I have been anticipating this game since its announcement. I mean, who wouldn’t love to play a good “cops vs. robbers” game. The campaign lives up to the hype; it was fun, involving, immersive and fleshed out. The characters were well-written and the story was great.
Players take on the persona of police officer Nicholas Mendoza, an average rookie on the Miami police force. The story chronicles dirty cops overcome by greed. The abrupt ending feels like a cop out. The episodic structure of Hardline‘s campaign is hardly unusual. Chapters are framed with recaps and coming-soon montages, reminiscent of games like Alan Wake and Split/Second.

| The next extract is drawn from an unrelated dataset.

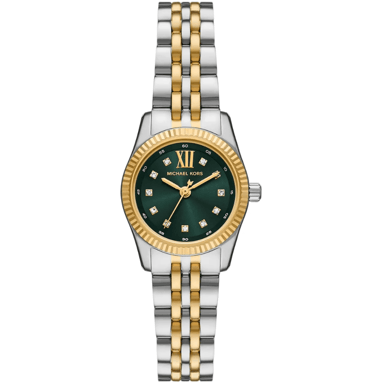 Michael Kors Lexington MK4986 Damenarmbanduhr mit grünem Ziffernblatt 26mm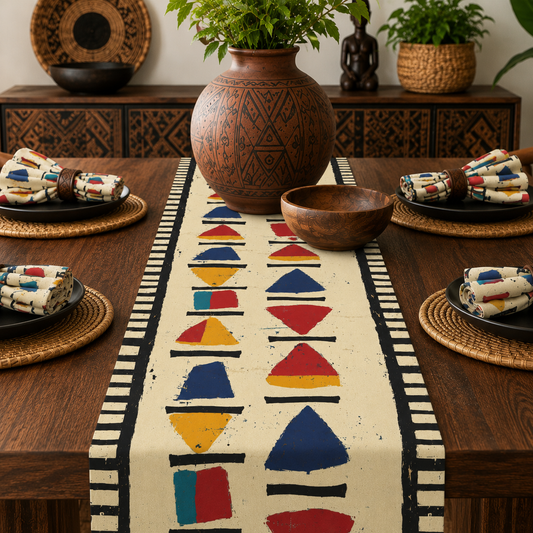 African Tribal Table Runner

At the end of an episode, players are greeted with a timer counting down to the next episode, just like Netflix. Hardline falls short of the Netflix 13-episode standard; the campaign only has 10 episodes and a prologue. But those 10 episodes are full of story and are very well-constructed with better attention to detail than past games.
Multiplayer mode is the generic Battlefield formula, but this is getting stale. Even with the new modes, it feels too much like past games to buy what essentially feels like a $60 add-on to 2013’s Battlefield 4. There are only a handful of new game modes, but nothing to write home about. They are all basically capture the flag.
Overall, the single player mode is remarkable with an engaging story, but left me wanting more. The multiplayer is a rehash of past installments with little to no new components.
This series is going downhill alongside the Call of Duty franchise, but what will take its place?